Jackman’s Logan has grown old and weary, Stewart’s Xavier is aged and failing, and the pair of them wander through the movie knowing that they have at least one last stand (no pun intended) in them before the curtain call. This is a movie that has clearly learned from Deadpool in the sense that profanity and heightened gore can fit into comic book screenplays providing they are used appropriately. As such, Logan is very well made in the sense that it is perhaps the most underplayed ‘hero’ movie you’ll ever see. This, unfortunately, can be to its detriment – while it is unexpectedly heavy, ponderous, often despairing and introspective, it may provide jarring for audiences expecting a third movie for the character in line with the standards of old. Logan is an inherently depressing and therefore somewhat difficult movie to watch – which, rather uniquely, works to both its advantage and its disadvantage.
While the movie may not be particularly to my personal tastes, it can hardly be denied that this is a curiosity made with intense care and appreciation. Many may not like the direction in which some of the characters are taken – many, too, may not be so comfortable with the film’s final scenes. However, it must be praised as a movie that is somewhat unique in its treatment of the genre and characters that are in play. We have never seen these characters quite like this – this is an extraordinarily wrenching character study that delves deeply while setting up a story that naturally ties together one universe with the beginning of another. The cast is suitably muted and offer little exposition except where needed, and it’s all in all something of a wake-up call for comic book movies in general. If Deadpool set the benchmark for how irreverent they could get and Dark Knight set the benchmark for how intricate stories could be told – Logan surely shows us how intense these worlds can become, and how you can, occasionally, put away big, flashy effects and retreat into character study once in a while.
As a movie – and as an experience – I am not too sure how to grade Logan. Technically, it is very well made, and very well told – and as discussed, it does more than enough to bring new items to the table. Jackman and Stewart are so at home in their characters that their journeys here are genuinely disturbing – and it is perhaps this that leads me to rate the movie a little less gloriously than other critics. While it may be ground-breaking in some ways, it is also a movie that gets perhaps a little too wallowing in its pursuit of its intentions. Logan is not your typical superhero movie. It is dark, it is disturbing, and for any fans of the franchise, it will evoke a multitude of emotions – some may even hate it for what it does to its characters. These reactions, in my opinion, are completely valid – as I produced some of them myself.

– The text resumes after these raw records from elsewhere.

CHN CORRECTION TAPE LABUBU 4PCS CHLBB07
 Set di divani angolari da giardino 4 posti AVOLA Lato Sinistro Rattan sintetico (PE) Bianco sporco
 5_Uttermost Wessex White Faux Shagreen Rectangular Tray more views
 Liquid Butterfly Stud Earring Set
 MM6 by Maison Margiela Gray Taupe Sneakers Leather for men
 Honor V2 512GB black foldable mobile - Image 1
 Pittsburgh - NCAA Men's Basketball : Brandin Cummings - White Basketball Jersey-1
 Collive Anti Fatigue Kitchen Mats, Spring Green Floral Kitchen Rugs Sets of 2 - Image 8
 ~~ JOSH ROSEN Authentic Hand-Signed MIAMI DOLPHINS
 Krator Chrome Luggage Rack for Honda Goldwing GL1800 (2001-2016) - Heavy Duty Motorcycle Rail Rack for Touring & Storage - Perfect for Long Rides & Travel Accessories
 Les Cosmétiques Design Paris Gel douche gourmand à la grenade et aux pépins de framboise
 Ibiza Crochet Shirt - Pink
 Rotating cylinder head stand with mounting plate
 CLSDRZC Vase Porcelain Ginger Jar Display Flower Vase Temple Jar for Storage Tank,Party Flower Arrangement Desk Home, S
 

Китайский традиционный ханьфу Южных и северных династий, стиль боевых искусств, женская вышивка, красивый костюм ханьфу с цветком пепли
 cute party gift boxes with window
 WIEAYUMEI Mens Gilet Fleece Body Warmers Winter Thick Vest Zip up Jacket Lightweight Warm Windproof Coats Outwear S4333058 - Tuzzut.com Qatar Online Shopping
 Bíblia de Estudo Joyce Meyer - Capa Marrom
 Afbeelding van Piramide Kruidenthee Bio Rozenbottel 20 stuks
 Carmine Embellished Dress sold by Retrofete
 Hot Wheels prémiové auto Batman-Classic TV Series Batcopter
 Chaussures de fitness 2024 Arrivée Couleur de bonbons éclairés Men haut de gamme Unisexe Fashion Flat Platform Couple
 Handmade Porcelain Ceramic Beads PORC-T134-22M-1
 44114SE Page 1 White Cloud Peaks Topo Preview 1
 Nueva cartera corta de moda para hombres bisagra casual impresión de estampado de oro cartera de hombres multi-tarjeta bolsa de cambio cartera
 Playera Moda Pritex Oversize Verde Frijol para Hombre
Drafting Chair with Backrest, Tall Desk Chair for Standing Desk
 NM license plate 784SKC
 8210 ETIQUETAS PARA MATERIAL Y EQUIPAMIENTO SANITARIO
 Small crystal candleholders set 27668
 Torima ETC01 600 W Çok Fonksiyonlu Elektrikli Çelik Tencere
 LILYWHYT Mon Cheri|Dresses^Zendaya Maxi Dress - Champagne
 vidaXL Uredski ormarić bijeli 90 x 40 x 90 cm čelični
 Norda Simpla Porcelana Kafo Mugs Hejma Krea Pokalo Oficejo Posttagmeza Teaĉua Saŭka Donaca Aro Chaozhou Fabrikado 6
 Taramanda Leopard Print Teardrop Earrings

However, as a movie, it is still enjoyable – on a level that it is refreshing, intriguing, and nonetheless heart-rending. While it may be a difficult watch, Logan remains a well-made and well-intentioned movie that will hopefully open up creative doors to other pictures in future. If comic book movies are finally ‘growing up’, we have Logan and Deadpool to thank – and future output from both DC and Marvel have lessons to learn.